----- Data for review -----
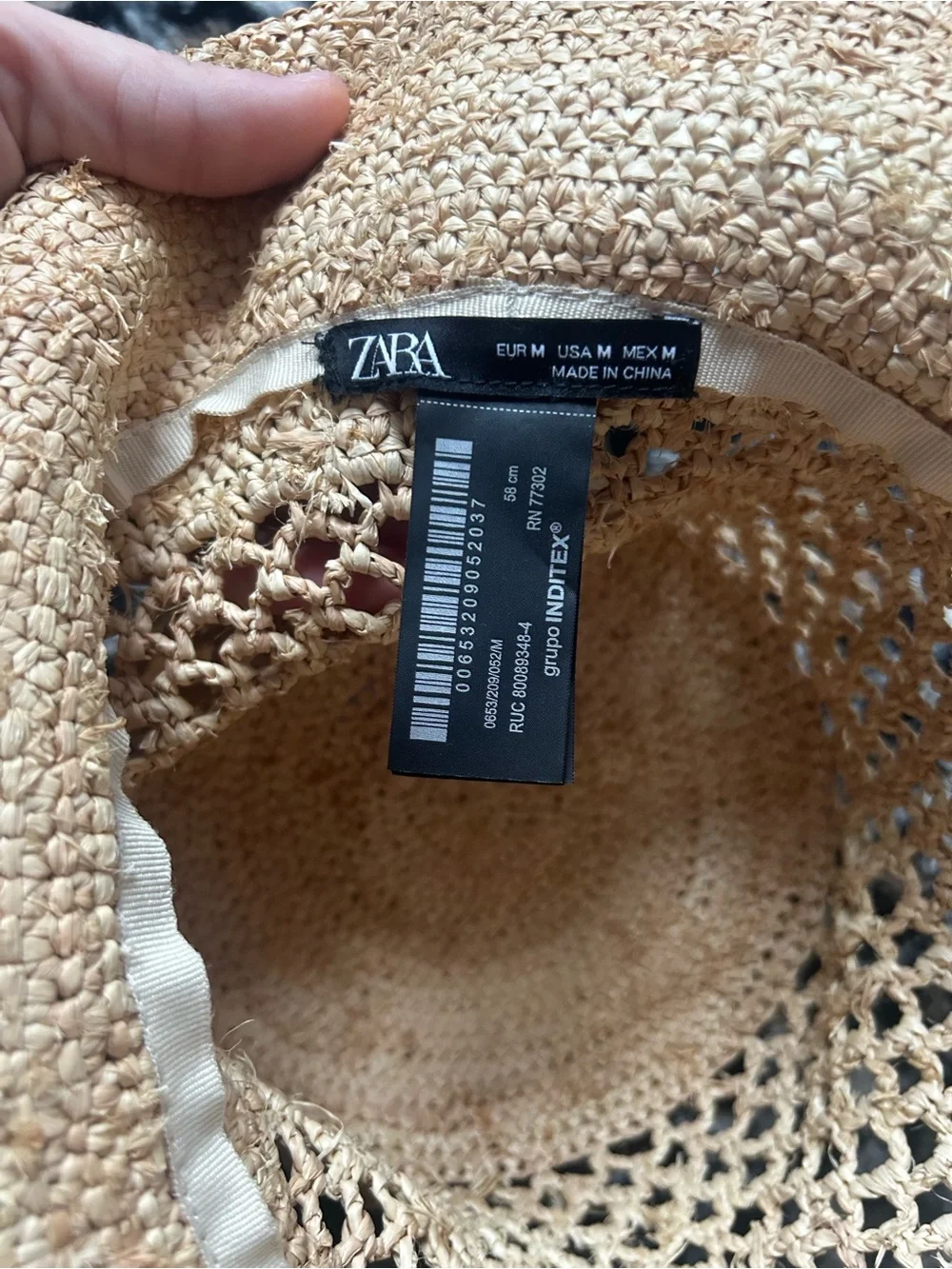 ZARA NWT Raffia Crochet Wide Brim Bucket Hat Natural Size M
-----
----- Data for review -----
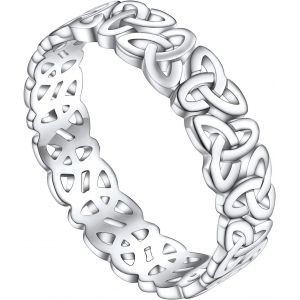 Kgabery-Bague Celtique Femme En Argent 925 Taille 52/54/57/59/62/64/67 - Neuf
-----
----- Data for review -----
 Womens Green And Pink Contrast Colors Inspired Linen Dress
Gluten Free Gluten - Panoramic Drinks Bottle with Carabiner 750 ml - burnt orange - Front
-----
Scan the records above for the lines holding "Womens Green And" and "Gluten Free Gluten". Transcribe those two and every line between them word for word, and no others.

Output below:
 Womens Green And Pink Contrast Colors Inspired Linen Dress
Gluten Free Gluten - Panoramic Drinks Bottle with Carabiner 750 ml - burnt orange - Front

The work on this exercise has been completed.